# Data shown
* * *
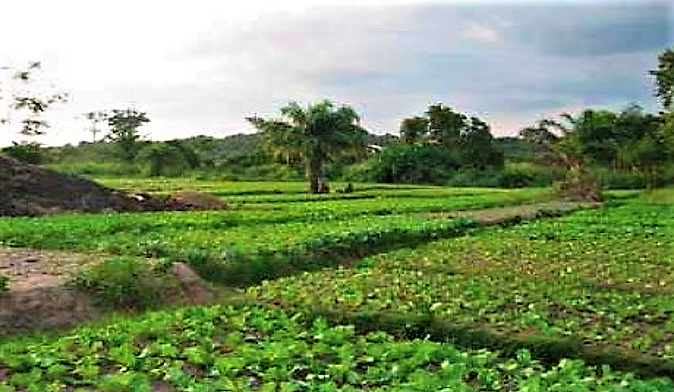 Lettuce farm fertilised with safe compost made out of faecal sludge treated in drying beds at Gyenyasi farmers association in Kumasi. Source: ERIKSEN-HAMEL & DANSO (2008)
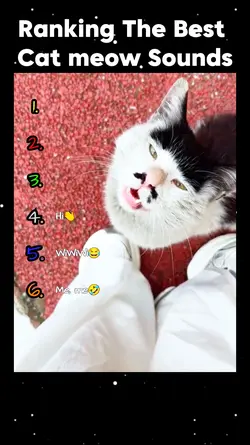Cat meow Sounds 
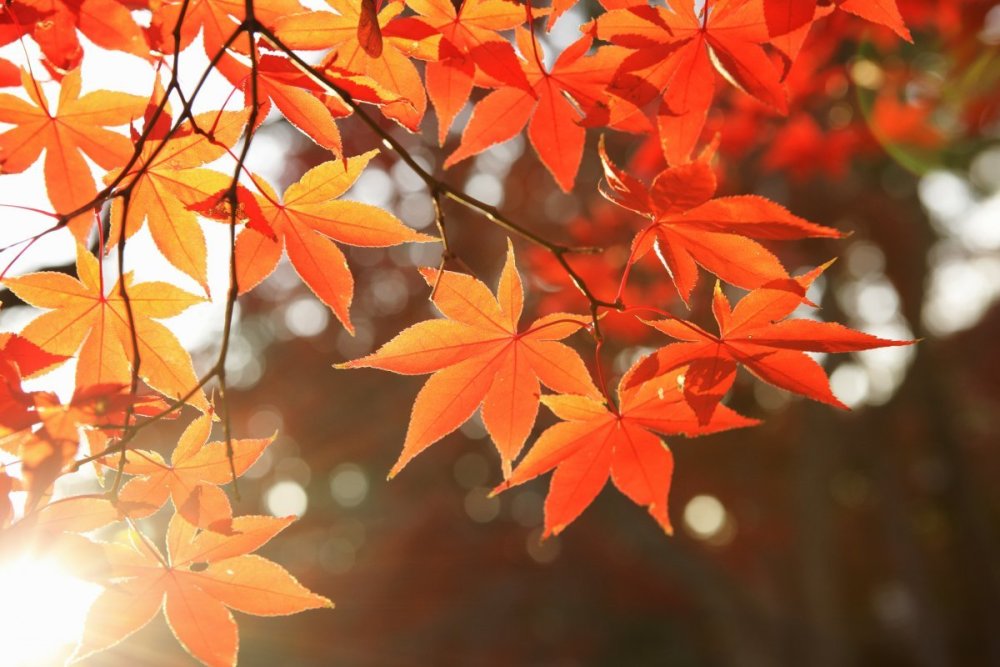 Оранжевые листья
* * *
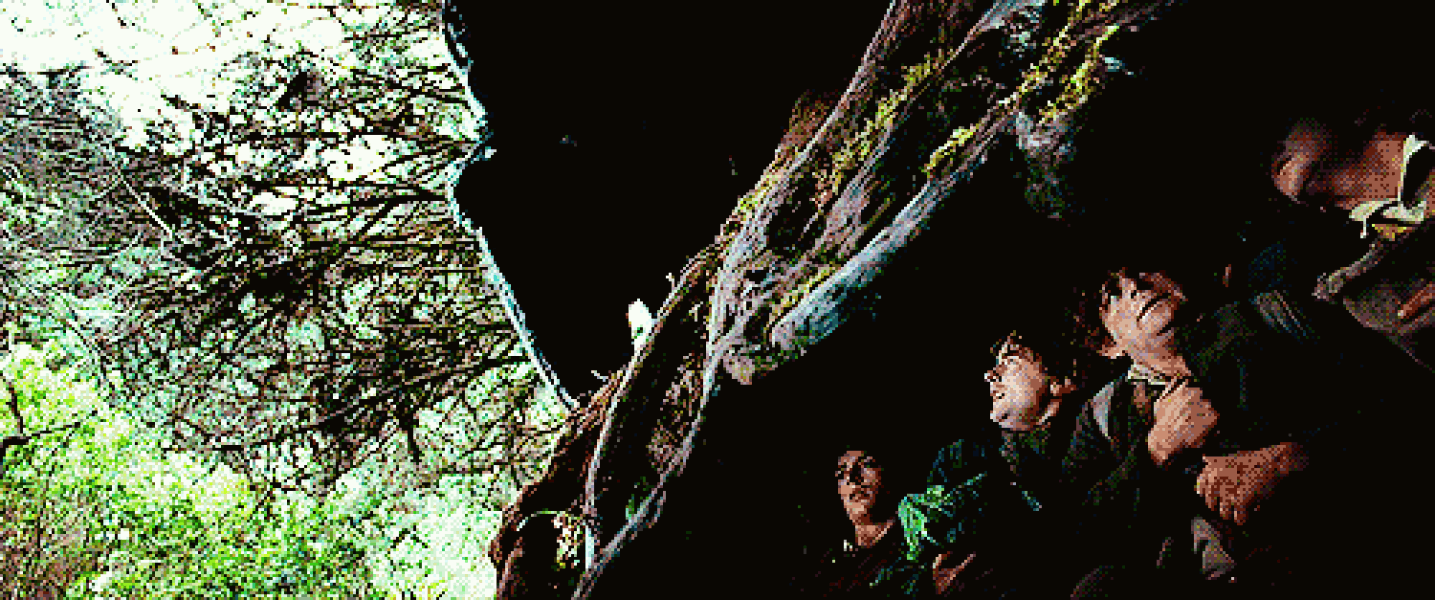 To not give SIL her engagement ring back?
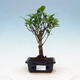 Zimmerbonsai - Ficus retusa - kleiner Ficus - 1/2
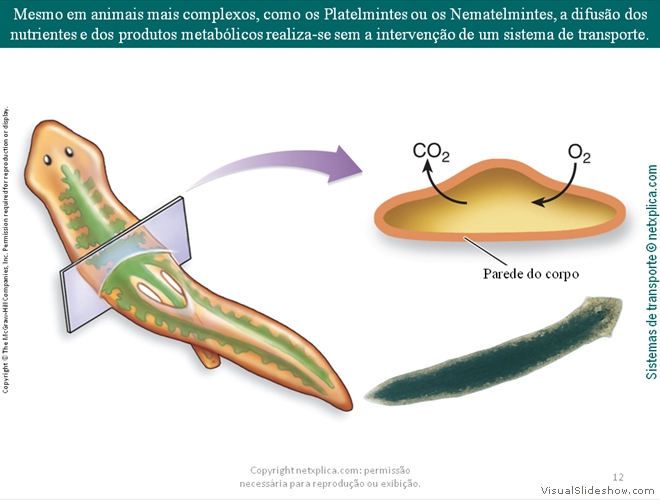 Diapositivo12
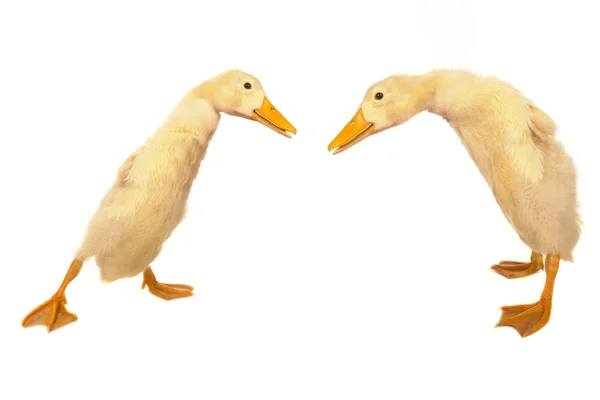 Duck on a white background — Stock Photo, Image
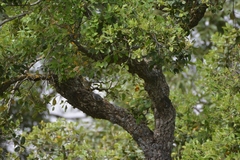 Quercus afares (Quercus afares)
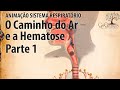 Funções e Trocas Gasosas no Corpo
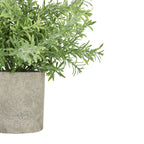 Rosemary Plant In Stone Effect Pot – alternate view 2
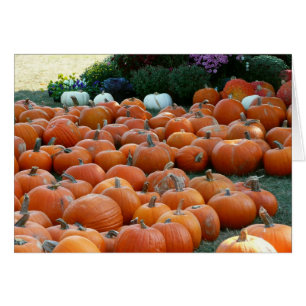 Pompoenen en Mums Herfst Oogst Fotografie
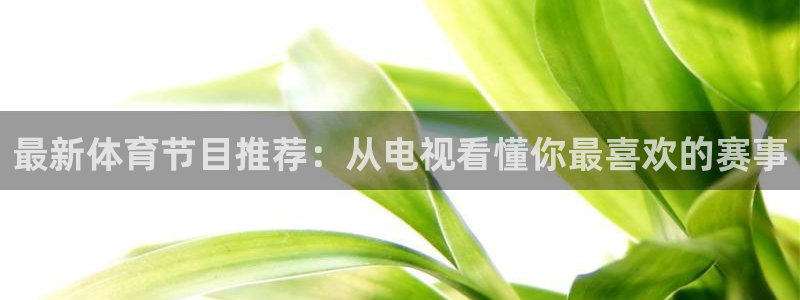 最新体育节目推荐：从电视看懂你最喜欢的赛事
* * *
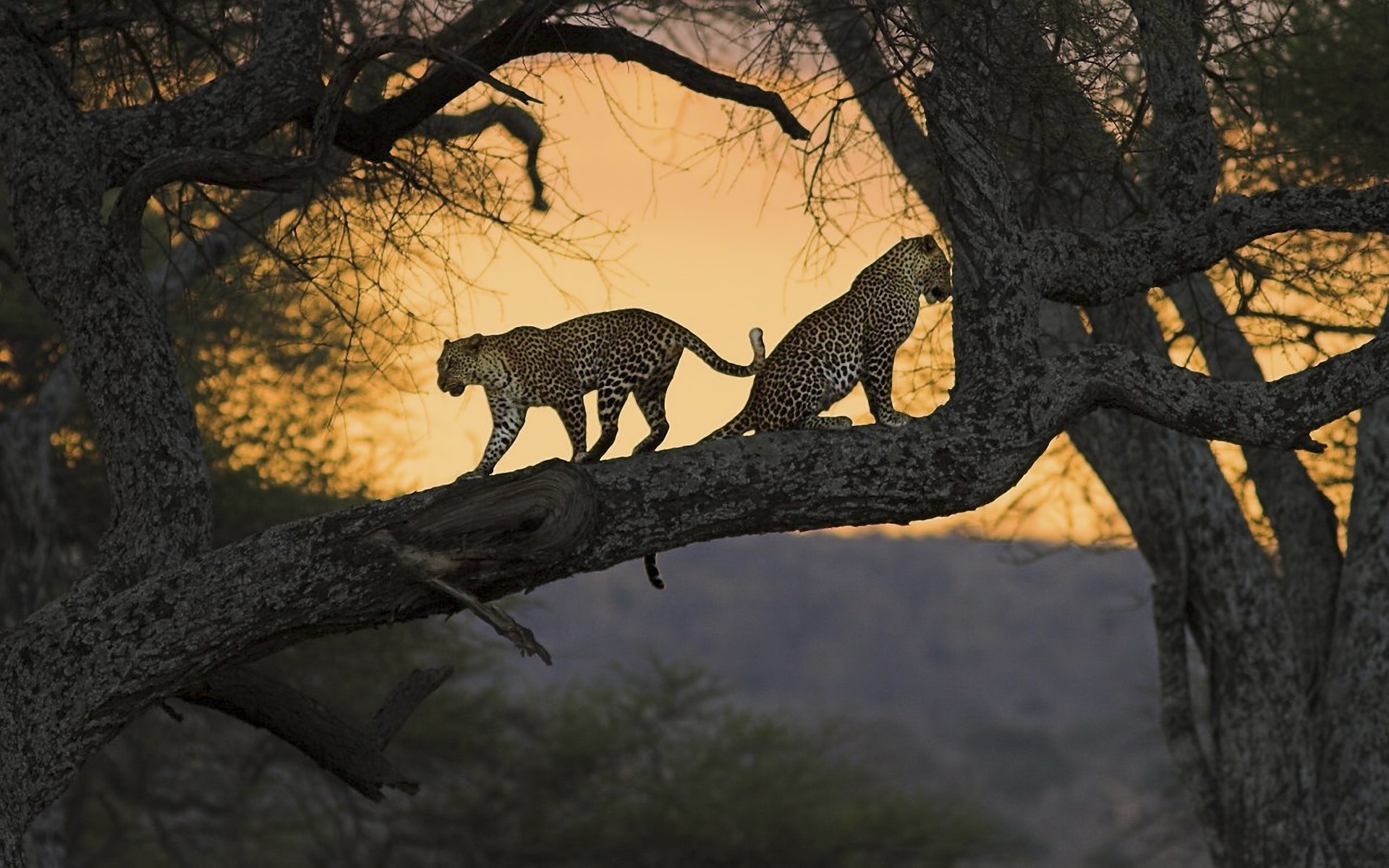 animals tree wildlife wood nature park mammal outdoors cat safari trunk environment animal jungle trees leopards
* * *
# Your assignment
Within the listing above, extract exactly the lines that run from the one containing "Rosemary Plant In" through the one containing "最新体育节目推荐：从电视看懂你最喜欢的赛事", excluding any pictures.

# Answer to this task
 Rosemary Plant In Stone Effect Pot – alternate view 2
 Pompoenen en Mums Herfst Oogst Fotografie
 最新体育节目推荐：从电视看懂你最喜欢的赛事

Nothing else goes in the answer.